1. Le mercredi 12 septembre 2012 à , par klari :: site

"voire au milieu d'Hermann & Dorothée"

je ne me lève JA-MAIS pendant du Schumann, voyons !

(je sens que je vais remporter la palme du commentaire utile, moi..)

2. Le mercredi 12 septembre 2012 à , par DavidLeMarrec

Je parlais bien sûr du poème symphonique tripartite de Jenő Zbehy, enfin ! Nous n'écoutons pas ces scies plébéiennes.

Le pire est que tu dis la même chose de Manfred. :(

3. Le vendredi 14 septembre 2012 à , par Raphaël D.

Bonjour David !
Amusant de se poser ce genre de questions, je reconnais bien là ton plaisir pervers de fouiller jusque dans les entrailles du droit pour en dénicher les singularités, les failles ou les absurdités ! :)

En ce qui concerne la version de Kodaly, je ne pense pas qu'y entendre avant toute chose la Marseillaise dénature l'oeuvre. Le symbole s'impose de lui-même.
Et le contexte est bien différent des exemples que tu cites, où il ne viendrait à personne l'idée de se lever pour une citation de quelques mesures. Ici, il s'agit avant tout d'un arrangement fait par Kodaly. Je ne connais pas bien la genèse de la composition, mais la forme de l'hymne national est tout à fait préservée, certainement à dessein. On peut même se demander si le texte hongrois n'a pas été choisi par simple souci pratique, pour arranger les choeurs amateurs du bassin pannonien dans leurs répétitions plutôt que de les obliger à baragouiner du français.
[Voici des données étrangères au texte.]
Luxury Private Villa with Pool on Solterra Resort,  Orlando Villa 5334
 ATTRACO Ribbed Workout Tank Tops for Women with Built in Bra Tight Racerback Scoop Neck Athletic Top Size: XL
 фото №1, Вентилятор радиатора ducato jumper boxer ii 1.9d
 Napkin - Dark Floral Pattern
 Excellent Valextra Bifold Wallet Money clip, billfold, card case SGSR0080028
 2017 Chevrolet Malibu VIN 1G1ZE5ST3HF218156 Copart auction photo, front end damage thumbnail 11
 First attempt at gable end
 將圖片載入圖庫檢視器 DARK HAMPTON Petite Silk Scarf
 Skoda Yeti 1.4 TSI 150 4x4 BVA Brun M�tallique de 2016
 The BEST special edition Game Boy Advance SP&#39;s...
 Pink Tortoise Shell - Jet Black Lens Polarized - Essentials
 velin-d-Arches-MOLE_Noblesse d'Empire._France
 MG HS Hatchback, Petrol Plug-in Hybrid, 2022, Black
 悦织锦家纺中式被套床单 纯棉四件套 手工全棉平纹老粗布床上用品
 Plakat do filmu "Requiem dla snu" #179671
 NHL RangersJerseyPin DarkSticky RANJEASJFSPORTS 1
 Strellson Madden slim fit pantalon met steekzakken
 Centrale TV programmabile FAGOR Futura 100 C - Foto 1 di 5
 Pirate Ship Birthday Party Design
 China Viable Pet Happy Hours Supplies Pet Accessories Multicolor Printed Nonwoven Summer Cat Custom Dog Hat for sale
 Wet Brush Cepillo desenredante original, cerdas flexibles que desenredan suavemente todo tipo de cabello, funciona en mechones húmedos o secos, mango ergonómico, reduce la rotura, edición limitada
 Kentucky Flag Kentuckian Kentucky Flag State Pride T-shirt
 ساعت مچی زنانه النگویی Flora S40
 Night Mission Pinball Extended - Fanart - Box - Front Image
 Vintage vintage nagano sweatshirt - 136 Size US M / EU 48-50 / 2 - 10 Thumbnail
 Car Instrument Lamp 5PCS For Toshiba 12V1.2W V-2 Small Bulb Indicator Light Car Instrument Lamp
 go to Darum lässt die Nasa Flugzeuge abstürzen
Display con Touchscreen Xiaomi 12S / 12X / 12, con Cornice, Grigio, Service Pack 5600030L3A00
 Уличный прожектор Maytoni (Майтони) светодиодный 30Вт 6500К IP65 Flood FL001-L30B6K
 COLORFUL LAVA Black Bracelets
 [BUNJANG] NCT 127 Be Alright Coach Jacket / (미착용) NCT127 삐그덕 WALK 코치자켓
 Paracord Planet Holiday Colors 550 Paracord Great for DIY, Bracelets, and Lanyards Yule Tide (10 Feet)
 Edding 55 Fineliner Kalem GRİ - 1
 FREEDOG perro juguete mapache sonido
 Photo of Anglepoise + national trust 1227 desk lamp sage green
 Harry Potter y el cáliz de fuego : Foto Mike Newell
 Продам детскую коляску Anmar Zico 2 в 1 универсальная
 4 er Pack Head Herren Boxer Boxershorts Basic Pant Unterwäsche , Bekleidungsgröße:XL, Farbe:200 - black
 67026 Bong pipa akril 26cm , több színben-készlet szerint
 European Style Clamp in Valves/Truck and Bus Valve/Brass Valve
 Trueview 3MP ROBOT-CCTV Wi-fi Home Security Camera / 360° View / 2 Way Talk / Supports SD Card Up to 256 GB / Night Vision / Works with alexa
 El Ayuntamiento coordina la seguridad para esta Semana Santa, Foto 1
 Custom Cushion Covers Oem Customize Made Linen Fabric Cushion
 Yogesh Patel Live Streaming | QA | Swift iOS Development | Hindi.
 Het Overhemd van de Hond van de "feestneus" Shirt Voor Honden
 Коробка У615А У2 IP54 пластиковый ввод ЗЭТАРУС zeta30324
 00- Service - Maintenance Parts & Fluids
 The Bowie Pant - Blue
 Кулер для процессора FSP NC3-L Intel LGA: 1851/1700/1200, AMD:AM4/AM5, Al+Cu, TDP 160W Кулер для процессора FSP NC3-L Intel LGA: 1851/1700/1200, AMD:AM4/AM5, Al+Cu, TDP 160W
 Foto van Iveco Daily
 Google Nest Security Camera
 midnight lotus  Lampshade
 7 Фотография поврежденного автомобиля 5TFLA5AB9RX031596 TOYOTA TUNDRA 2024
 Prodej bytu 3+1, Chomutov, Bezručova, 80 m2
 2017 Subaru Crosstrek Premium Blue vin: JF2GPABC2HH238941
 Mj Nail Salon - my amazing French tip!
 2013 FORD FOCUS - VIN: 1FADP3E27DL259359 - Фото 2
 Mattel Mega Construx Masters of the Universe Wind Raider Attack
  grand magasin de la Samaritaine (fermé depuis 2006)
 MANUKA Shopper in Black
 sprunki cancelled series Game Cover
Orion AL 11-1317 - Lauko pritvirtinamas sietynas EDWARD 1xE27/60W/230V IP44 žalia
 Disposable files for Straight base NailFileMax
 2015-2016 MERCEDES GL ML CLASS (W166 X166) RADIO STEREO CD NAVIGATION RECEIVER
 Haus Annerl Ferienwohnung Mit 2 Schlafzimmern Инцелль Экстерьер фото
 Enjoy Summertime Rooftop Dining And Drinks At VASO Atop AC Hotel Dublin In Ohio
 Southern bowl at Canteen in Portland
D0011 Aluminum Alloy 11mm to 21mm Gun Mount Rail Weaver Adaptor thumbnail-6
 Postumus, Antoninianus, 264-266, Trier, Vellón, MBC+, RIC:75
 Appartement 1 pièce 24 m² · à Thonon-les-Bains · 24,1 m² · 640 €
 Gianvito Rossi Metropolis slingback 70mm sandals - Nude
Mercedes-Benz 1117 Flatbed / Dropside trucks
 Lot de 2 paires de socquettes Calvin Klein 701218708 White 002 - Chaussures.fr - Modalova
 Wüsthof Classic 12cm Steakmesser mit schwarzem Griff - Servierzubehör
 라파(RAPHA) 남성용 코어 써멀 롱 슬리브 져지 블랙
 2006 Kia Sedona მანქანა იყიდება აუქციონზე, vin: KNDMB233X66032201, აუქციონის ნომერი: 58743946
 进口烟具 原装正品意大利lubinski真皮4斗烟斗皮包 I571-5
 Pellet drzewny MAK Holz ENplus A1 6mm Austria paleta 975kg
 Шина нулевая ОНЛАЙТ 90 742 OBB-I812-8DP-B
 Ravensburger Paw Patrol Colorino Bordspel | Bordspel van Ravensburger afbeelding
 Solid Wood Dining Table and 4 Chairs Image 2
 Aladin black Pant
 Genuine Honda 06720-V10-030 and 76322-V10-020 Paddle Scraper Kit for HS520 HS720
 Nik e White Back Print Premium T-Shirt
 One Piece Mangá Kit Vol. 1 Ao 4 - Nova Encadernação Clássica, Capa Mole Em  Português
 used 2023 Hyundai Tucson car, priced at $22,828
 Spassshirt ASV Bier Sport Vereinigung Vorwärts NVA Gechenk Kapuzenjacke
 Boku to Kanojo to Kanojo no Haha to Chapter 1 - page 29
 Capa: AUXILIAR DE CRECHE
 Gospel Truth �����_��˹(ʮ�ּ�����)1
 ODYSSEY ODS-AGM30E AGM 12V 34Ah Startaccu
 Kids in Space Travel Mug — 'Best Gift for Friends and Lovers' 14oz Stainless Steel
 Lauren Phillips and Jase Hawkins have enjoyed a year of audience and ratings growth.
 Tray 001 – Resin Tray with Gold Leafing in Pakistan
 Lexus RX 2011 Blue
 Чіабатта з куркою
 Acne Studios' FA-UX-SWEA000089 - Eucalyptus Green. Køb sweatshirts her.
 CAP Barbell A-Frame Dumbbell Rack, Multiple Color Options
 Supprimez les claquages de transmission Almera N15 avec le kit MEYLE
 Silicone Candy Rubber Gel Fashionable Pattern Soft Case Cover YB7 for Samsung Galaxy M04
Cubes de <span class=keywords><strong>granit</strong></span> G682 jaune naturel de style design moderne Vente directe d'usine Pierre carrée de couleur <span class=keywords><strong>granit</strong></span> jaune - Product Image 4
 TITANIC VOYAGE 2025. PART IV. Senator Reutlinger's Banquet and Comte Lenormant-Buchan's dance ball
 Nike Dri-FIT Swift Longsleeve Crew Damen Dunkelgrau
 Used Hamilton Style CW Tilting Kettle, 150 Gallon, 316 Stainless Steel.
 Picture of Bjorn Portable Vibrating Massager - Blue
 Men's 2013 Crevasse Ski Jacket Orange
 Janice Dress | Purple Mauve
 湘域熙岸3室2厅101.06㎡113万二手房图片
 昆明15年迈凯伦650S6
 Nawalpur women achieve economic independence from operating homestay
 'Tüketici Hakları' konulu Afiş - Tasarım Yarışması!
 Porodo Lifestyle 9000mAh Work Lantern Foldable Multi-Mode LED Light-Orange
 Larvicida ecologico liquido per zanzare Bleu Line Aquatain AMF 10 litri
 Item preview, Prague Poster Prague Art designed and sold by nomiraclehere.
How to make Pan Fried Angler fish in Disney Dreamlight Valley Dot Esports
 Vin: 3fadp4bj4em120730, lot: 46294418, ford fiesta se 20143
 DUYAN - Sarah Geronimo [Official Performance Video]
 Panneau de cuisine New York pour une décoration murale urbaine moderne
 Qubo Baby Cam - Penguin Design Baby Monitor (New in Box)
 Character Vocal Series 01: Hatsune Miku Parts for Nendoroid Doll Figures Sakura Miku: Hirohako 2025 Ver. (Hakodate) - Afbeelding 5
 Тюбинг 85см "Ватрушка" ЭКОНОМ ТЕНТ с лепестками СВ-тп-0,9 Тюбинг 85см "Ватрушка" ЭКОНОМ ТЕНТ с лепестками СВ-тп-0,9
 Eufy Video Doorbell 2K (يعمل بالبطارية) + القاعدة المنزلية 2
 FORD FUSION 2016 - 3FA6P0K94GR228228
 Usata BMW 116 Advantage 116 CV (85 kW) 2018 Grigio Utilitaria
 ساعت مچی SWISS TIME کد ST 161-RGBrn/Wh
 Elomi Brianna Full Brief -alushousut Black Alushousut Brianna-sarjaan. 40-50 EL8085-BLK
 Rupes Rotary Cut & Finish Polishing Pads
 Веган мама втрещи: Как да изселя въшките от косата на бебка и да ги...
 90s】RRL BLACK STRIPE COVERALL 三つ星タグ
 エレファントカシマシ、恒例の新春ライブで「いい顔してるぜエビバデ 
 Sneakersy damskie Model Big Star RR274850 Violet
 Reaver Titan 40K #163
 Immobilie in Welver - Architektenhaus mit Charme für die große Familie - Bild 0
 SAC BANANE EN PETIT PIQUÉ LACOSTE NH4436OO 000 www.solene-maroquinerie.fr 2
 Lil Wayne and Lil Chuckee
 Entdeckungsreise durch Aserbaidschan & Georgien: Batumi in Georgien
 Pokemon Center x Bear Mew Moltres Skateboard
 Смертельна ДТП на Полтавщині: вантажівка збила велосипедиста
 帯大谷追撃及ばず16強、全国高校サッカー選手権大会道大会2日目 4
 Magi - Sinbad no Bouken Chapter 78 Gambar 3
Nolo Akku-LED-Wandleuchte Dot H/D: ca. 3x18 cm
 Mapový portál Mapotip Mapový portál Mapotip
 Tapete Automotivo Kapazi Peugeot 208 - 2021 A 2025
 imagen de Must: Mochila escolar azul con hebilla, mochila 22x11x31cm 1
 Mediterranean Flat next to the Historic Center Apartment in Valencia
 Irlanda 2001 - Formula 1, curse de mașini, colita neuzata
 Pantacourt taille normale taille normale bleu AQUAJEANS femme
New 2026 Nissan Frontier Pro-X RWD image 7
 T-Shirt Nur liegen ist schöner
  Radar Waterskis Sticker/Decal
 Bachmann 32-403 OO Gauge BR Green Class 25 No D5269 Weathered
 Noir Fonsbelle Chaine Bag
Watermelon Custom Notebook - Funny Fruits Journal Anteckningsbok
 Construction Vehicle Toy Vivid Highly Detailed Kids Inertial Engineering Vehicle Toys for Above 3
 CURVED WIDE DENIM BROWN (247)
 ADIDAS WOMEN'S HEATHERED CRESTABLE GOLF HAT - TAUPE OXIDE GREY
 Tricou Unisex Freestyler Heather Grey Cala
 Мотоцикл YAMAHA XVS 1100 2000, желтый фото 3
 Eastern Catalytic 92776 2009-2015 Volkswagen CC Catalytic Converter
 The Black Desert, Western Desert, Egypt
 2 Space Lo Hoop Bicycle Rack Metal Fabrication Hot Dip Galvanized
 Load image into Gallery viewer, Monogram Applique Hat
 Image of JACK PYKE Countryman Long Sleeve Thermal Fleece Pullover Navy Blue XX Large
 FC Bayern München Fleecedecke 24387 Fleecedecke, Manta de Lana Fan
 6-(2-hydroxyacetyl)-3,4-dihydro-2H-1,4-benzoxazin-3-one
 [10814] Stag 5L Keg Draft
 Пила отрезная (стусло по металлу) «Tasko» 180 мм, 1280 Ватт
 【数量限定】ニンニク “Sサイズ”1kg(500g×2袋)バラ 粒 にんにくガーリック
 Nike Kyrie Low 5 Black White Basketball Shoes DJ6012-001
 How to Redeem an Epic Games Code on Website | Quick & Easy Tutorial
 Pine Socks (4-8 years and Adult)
Et dans ce concert filmé - hormis le fait que le public ne se soit certainement pas posé toutes ces questions durant l'intervalle de dix secondes qui sépare le début de la musique avec les premières génuflexions au parterre - le contexte peut modifier toute la perception. La représentation a lieu en France, il s'agit donc clairement d'un clin d'oeil adressé au public, et peut être même d'un bis en hommage à notre beau pays...

L'enquête est ouverte.

4. Le samedi 15 septembre 2012 à , par DavidLeMarrec

Bonjour Raphaël. :)

je reconnais bien là ton plaisir pervers

Pardon, je ne réponds pas aux insultes des décadents. (Pof.)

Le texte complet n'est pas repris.